Можно было бы описать позицию Добролюбова как новый гностицизм, как сектантство не в смысле экстатического утопизма, но в смысле доверия к разуму страстей и к премудрости любых здравых убеждений. Но Вдовину важнее опровергнуть миф о Добролюбове как об аскете, ставшем беспристрастным критиком. Добролюбов — не критик, не аскет, не поэт и не общественный деятель. Кто же он в итоге? Вероятно, величайший русский естествоиспытатель своей психики, проверивший, можно ли работать без сна, писать на любые темы, переживать каждое сказанное тобой слово и при этом бесконечно редактировать чужие слова. Он стал сам себе подопытным растением и бурной средой — в этом ирония и победа этого странного, признаться, малоприятного, но при этом по-прежнему удивительного человека.

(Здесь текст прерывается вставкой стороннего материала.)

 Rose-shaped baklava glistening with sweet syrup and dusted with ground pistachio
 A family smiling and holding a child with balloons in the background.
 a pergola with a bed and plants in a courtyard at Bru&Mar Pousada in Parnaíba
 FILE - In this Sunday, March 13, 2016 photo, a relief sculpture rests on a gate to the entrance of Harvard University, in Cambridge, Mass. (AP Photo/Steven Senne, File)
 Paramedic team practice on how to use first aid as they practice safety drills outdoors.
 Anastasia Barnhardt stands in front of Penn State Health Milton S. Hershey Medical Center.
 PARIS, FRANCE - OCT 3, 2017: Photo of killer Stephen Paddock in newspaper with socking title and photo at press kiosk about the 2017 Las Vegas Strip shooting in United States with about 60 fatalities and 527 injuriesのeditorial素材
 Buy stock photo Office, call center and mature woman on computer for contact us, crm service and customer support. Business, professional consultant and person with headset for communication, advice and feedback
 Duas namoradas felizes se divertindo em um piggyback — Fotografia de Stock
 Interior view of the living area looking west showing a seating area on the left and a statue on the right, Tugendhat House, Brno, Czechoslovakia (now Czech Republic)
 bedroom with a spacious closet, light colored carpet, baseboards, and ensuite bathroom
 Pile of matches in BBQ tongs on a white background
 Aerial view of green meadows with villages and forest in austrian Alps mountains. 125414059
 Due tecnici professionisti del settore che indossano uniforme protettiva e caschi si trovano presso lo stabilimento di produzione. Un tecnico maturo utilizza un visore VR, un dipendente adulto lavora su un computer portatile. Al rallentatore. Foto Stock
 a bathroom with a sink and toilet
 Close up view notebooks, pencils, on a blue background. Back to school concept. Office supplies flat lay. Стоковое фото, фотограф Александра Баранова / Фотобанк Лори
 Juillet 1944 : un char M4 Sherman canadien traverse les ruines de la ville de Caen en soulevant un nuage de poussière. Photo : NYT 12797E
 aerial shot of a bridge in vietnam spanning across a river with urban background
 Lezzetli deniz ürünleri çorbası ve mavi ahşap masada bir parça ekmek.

Мы можем понимать по-разному дело Добролюбова: как набор психотехник либертинажа для разрыва со своей патриархальной средой, как попытку индустриализации мысли и чувства, как ранний извод нигилизма, еще не приведенного в систему, или как честность до нудной скрупулезности и нервной придирчивости. Проблема в том, что все эти понимания будут одинаково верны, а как работают эти понимания — и объясняет книга Алексея Вдовина.
Алексей Вдовин. Добролюбов: разночинец между духом и плотью. — М.: Молодая гвардия, 2017 (Жизнь замечательных людей). 298 с.